2.1 Problem Formulation

We focus on the novel problem of controlling graph generation. Let $\mathcal{G}=(\mathcal{V},\mathcal{E})$ denote a graph with $N$ nodes $v_{i}\in\mathcal{V}$ and $E$ edges $(v_{i},v_{j})\in\mathcal{E}$ . Each node is associated with some identity information, e.g., the employee ID. In addition, we induce another graph with $N$ nodes and the same edge connections as in $\mathcal{G}$ , which we define as shadow $\mathcal{S}$ . Each of the nodes in $\mathcal{S}$ is associated with some property label $k_{i}\in K$ , e.g., the employee’s department, and it “shadows” the corresponding node in $\mathcal{G}$ . Every node in $\mathcal{G}$ can be uniquely identified by the identity, whereas the label of each node in $\mathcal{S}$ is not necessarily unique. Using a transparent and straightforward Markov model to direct this shadow, we control the generative process and shape graphs with understandable outcomes while preserving the original graph properties. We note that there could be other properties of interest, e.g., degree distribution, a shadow with different connectivity than $\mathcal{G}$ . We leave the inclusion of additional properties as extensions for future work.

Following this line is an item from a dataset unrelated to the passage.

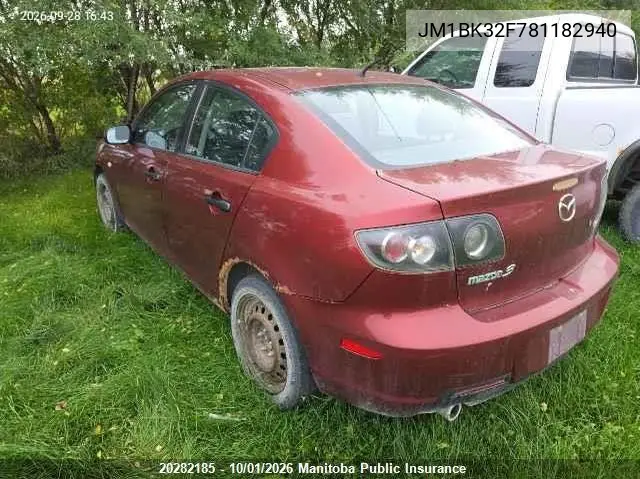 2008 MAZDA 3 VIN JM1BK32F781182940 — фото 3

In this work, we aim to develop a controllable network graph generative model. By training the model $\bm{\Theta}$ on a graph $\mathcal{G}$ and its shadow $\mathcal{S}$ , the model would then monitor the generative process and subject the generation to direction—aiding in the controllability of the generated graphs. Let us define the Controllable Graph Generation problem as such:

Given a graph $\mathcal{G}$ and its key node attributes $K$ , induce another graph with the same structure, defined as shadow $\mathcal{S}$ , where nodes in $\mathcal{S}$ are labeled by $K$ . Train model $\bm{\Theta}$ to learn a representative shadow $\tilde{\mathcal{S}}$ , and control $\tilde{\mathcal{S}}$ to generate graphs $\tilde{\mathcal{G}}$ ’s with understandable structures.

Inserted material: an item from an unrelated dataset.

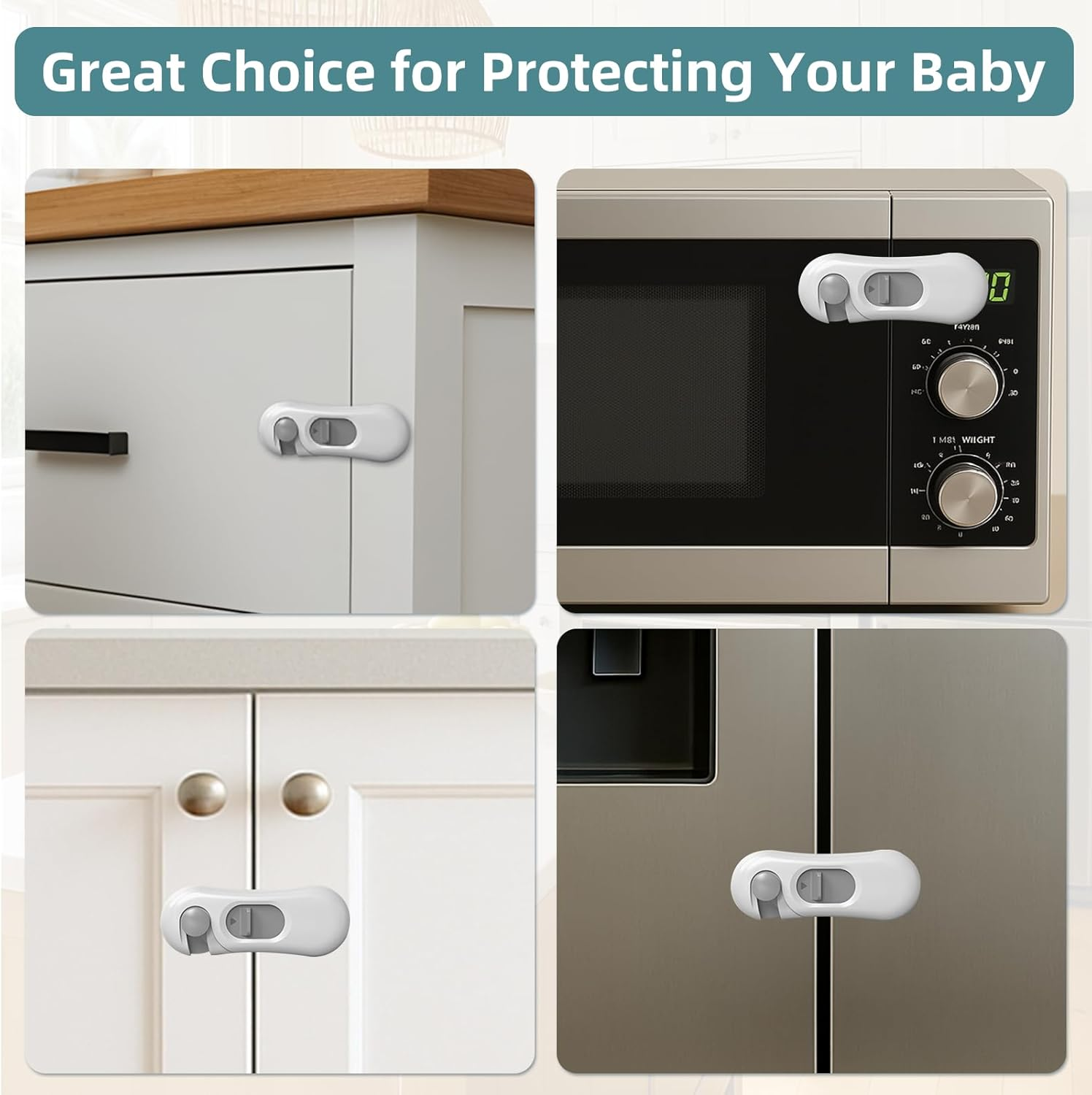 Gautio 5-Pack Child Safety Fridge Locks for Kid & Pet, Baby Proof Refrigerator Lock with 3M Adhesive, Toddler Freezer Lock for Cabinet, Drawer, Oven, RV Refrigerator, Closet, Doors, No Tools Needed & Easy Installation image number 4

Following this process, we can leverage node properties such as ground-truth labels and other node attributes, valuable in understanding the model-generated results, as a control vector to guide the graph generation.

2.2 Proposed Model

We propose ShadowCast, a controllable generative model that leverages both conditional modeling and GANs to generate graph-structured data. Our approach is inspired by the graph generative model (Bojchevski et al., 2018) that poses the graph generation problem as learning a distribution of biased random walks over the input graph. However, Bojchevski et al. (2018) is not a controllable generative method.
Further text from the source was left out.